As most of you blog monkeys are probably aware, this past Christmas Eve was marked by an enormous blizzard that shut down highways throughout Texas and Oklahoma. Luckily for me, I headed up to OK on Tuesday afternoon -- stopping off in Tulsa to hang out with Cap'n Shack-Fu before heading on up to Miami on Wednesday -- so I was able to avoid getting caught in the horrible weather. Many of my friends weren't quite so lucky: it took Coronela 16 hours to get from Ft. Worth to Oklahoma City; TopGun's normal 5 1/2 hour trip to his family in Midland took him 19 hours, with people skidding out of control all around him; and the winner of the "longest Christmas Eve ever" award goes to Shack-Fu's sister and brother-in-law, whose 9 hour trip from Houston to Pampa took them over 28 hours due to the highway becoming a virtual parking lot at times.

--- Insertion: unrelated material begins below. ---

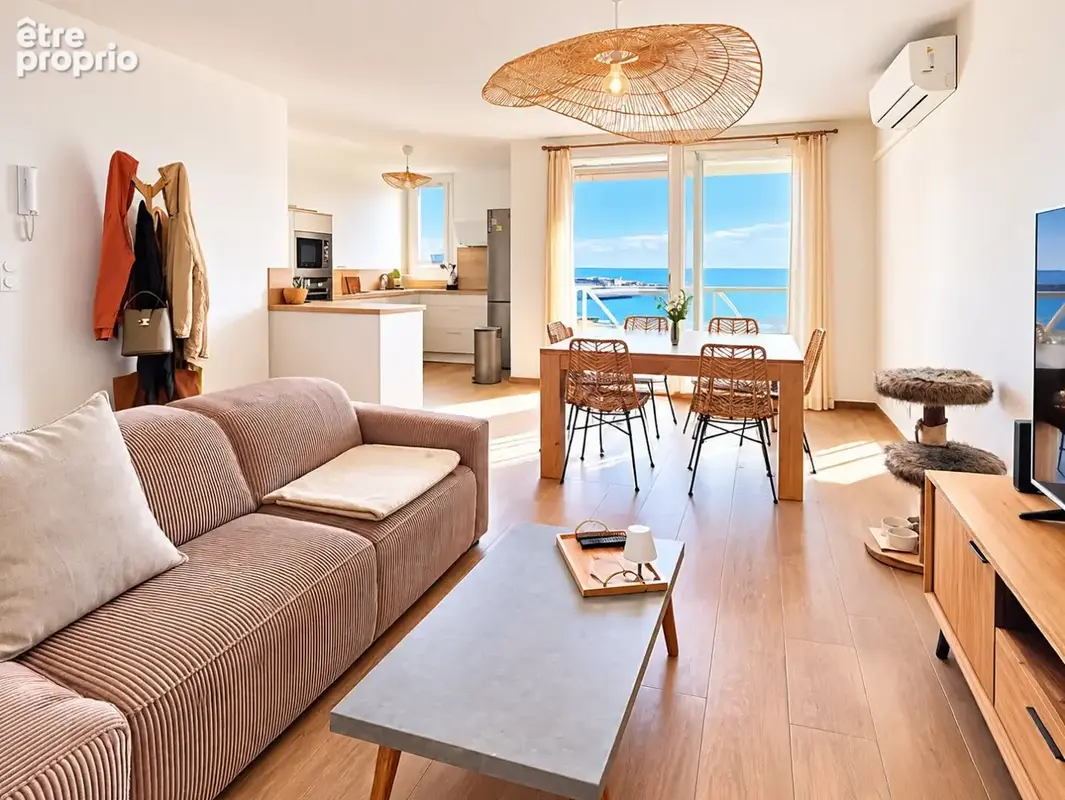 Côté Port, une vue panoramique sur la mer, le port et le Mont Saint-Clair pour ce superbe appartement rénové avec piscine, entre - photo 4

And then there was The Lovable PigPen, who called me while he was on the road to let me know that if we ever decide to go on another ski trip, we could probably take his car, which was handling fine in conditions very similar to what we encountered on our way home from Breckenridge a couple of years ago . . . of course, then he wound up getting stuck while turning into his mom's driveway about 50 yards from her house, so maybe we should rethink that suggestion . . .

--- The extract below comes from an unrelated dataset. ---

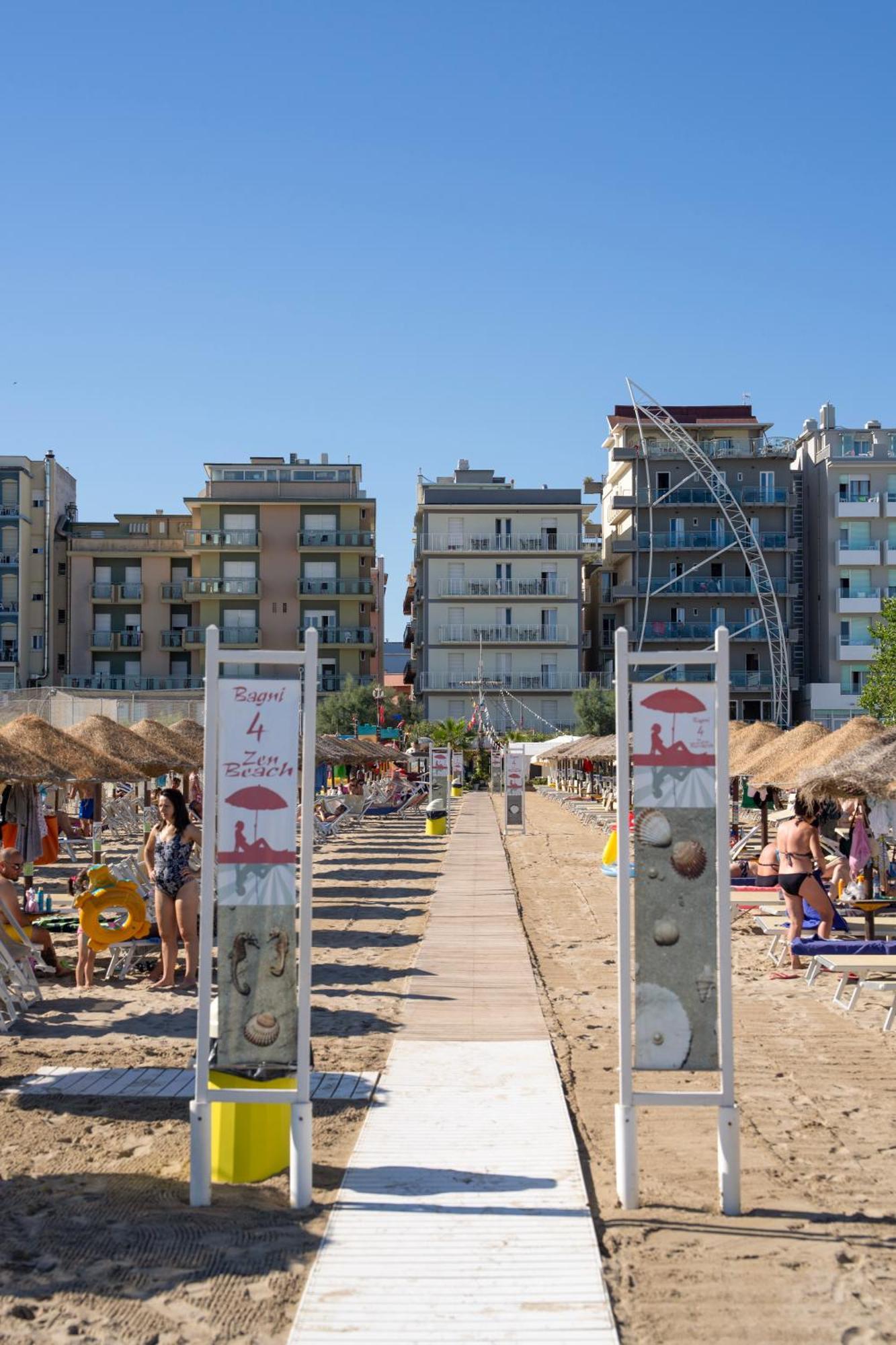 Hotel Thea Gabicce Mare Esterno foto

When I got PigPen's call I was out doing last minute Christmas shopping with my parents in Joplin -- my mother was all giddy about shopping on Christmas Eve, and I was along for the ride. The bad weather didn't hit us until we were heading back to Miami, and it didn't really start coming down hard until after we made it home. We did venture out once more that evening, heading to the video store so we could rent some movies for Mom to watch while we were snowed in, but after that Mom and I didn't leave the house until Sunday afternoon when we went to visit my Grandma Ann.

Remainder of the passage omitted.